Semarang, ANTARA JATENG - Gaya selingkung (pedoman tata cara penulisan) masing-masing media massa seyogianya selaras dengan kaidah bahasa Indonesia, kata dosen Fakultas Sastra Universitas Diponegoro Semarang Hermintoyo di Semarang, Minggu.

          Menurut Drs. M. Hermintoyo, M.Pd., dalam penyusunan pedoman tata cara penulisan, harus sesuai dengan kaidah tata bahasa, kaidah ejaan, dan tanda baca agar media berperan dalam penggunaan bahasa Indonesia yang baik dan benar.

          Hal terkait dengan tanda baca, kata dosen Jurusan Bahasa dan Sastra Indonesia Undip Semarang itu, Pemerintah telah menerbitkan Peraturan Menteri Pendidikan dan Kebudayaan Republik Indonesia Nomor 50 Tahun 2015 tentang Pedoman Umum Ejaan Bahasa Indonesia (PUEBI).

          Namun, lanjut dia, ada pula yang menggunakan tanda hubung sebagai pengganti kata "dan", "antara", dan "sampai dengan". Menurut PUEBI pengganti kata "dan", "atau", dan "setiap" adalah tanda garis miring, sedangkan tanda pisah bermakna 'sampai dengan' atau 'sampai ke'.

          Begitu pula, terkait dengan ejaan, Hermintoyo menyarankan agar media massa turut berperan dalam menambah khazanah kata, terutama kosakata bahasa daerah dalam pemberitaannya.

          Namun, tidak sebaliknya kosakata yang sudah ada di dalam Kamus Besar Bahasa Indonesia (KBBI), malah "dikoreksi" sehingga publik bingung mana yang benar di antara sejumlah versi. Misalnya, "salat" (versi KBBI), "shalat", atau "sholat"; "Alquran (versi KBBI), Al-Quran, atau Al-Qur'an; "Ramadan" (versi KBBI) atau "Ramadhan", "Masjidilharam" (versi KBBI) atau "Masjidil Haram.

          Sebelum sebuah kata/sublema tercatat di dalam kamus, menurut Hermintoyo, terdapat konsep pembentukan kata secara arbitrer (manasuka).

          Karena istilah yang menjadi kesepakatan di dalam kelompok tertentu itu sering mereka pakai, misalnya melalui media sosial, publik pun ikut-ikutan menggunakannya, kemudian kata itu tercantum di dalam KBBI.

          Ia mencontohkan lema "ngabuburit" (menunggu azan magrib menjelang berbuka puasa pada waktu bulan Ramadan). Akhirnya, kata ini masuk dalam KBBI Daring. Sebelumnya, pada KBBI edisi I, II, III, dan IV, istilah itu belum ada.

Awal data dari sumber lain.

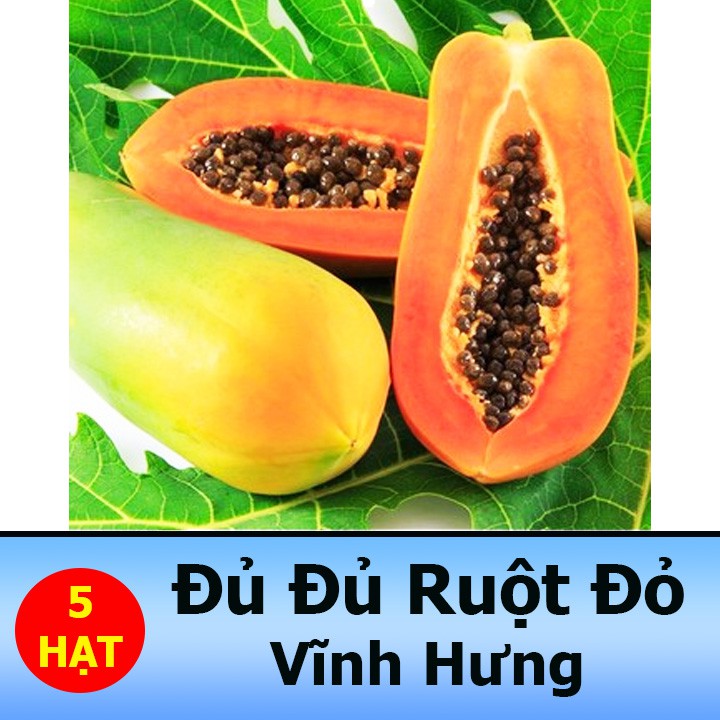 Hạt Giống Đu Đủ Ruột Đỏ Siêu Trái 5 Hạt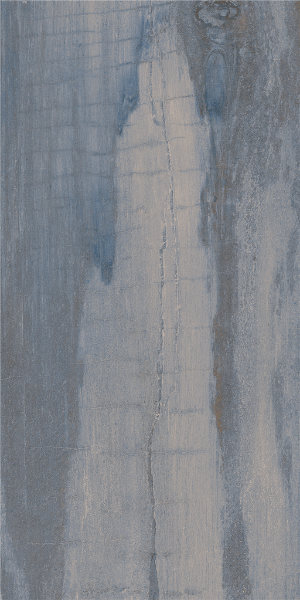 Picture of Happy Floors - Fossil 12 x 24 Blue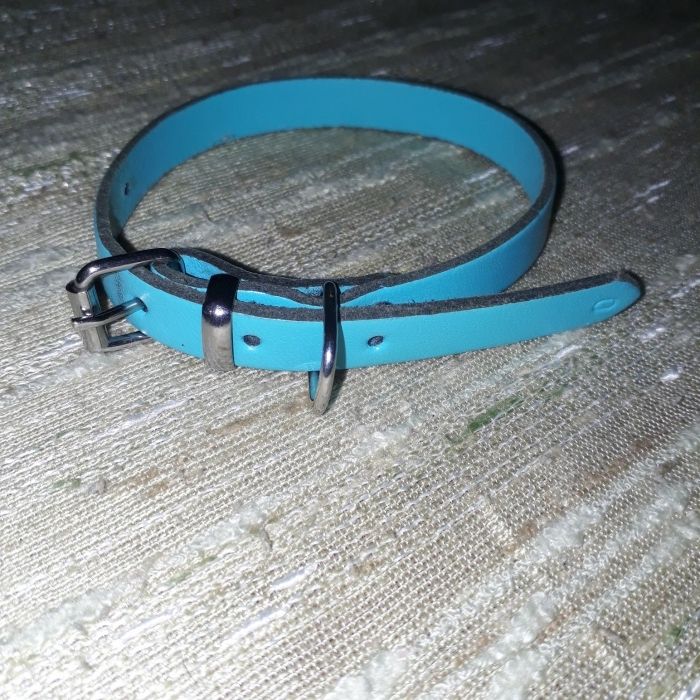 Lot îmbrăcăminte și accesorii cățel talie mică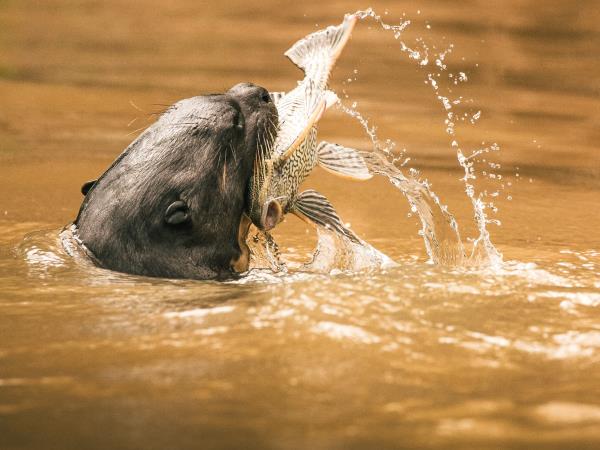 Pantanal self drive vacation, Brazil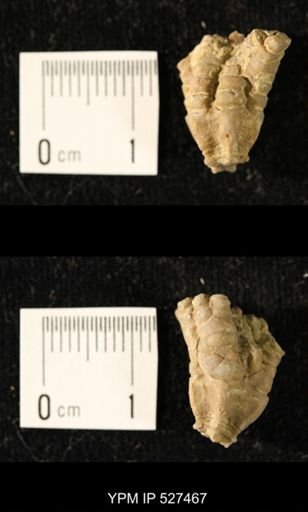 Iocrinus subcrassus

          "Nah, di sinilah pernah media merekam, kemudian mengodifikasikan istilah yang ada di tengah masyarakat. Dengan kemajuan teknologi yang begitu pesat, tentunya memudahkan media melakukan hal itu, atau tinggal tulis lema pada mesin pencari kata Google," katanya.